Mark Bould is very quick to show us the Marxist roots in such a line when he claims it is a "vulgarised version of Marx's observation that capitalist production 'produces and reproduces the capitalist relation; on the one side the capitalist, on the other the wage labourer'".

In attempting to show Sayles's films in a broad political framework, and with a socialist analysis, Bould does well to rescue film criticism from the academic fantasy world of postmodernism. But he is keen to reject what he calls "one-sided" Marxism - a mechanical approach to art that criticises anything that does not explicitly depict class struggle.

Instead he calls for a dynamic approach and heaps praise on Sayles's films for showing the changing nature of the working class and the different areas in which people face struggle.

The book offers an insight into the work of one of greatest independent filmmakers of the last century. It follows Sayles's career from screenwriter to auteur, showing the development of his work and his role as a people's filmmaker in charting the lives of ordinary Americans with great skill and passion.

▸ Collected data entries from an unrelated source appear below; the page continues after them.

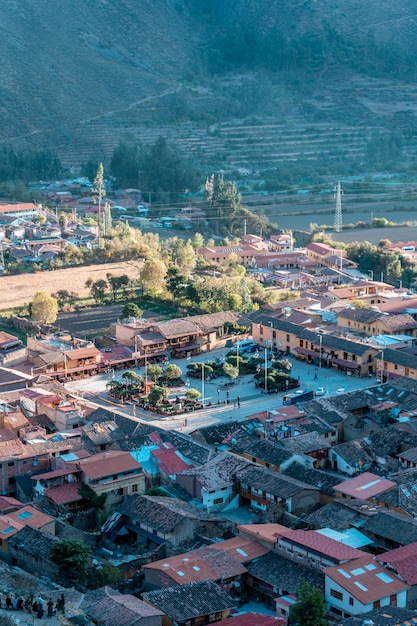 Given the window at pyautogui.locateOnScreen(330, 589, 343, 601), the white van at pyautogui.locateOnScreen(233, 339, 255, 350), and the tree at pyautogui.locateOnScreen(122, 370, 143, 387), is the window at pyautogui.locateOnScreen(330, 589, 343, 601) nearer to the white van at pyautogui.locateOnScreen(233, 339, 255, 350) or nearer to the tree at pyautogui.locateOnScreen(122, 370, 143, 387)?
the tree at pyautogui.locateOnScreen(122, 370, 143, 387)

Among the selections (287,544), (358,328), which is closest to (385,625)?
(287,544)

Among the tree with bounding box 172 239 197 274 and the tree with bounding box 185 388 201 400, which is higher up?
→ the tree with bounding box 172 239 197 274

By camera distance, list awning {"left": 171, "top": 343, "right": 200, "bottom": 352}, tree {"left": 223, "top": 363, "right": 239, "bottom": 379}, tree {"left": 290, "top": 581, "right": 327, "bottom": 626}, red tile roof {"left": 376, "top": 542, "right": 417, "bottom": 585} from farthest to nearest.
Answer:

However, Bould often uses needlessly academic language that makes for difficult reading and sometimes leads him to a fairly abstract analysis. He fails in locating both Sayles's drive to make such films and people's appetite for them. This can lead you to believe that Sayles simply read Marx and then set about his work. It could have done far more if it looked outwards into society and placed Sayles's work as not only coming from our cultural history but also playing a vital role in shaping it.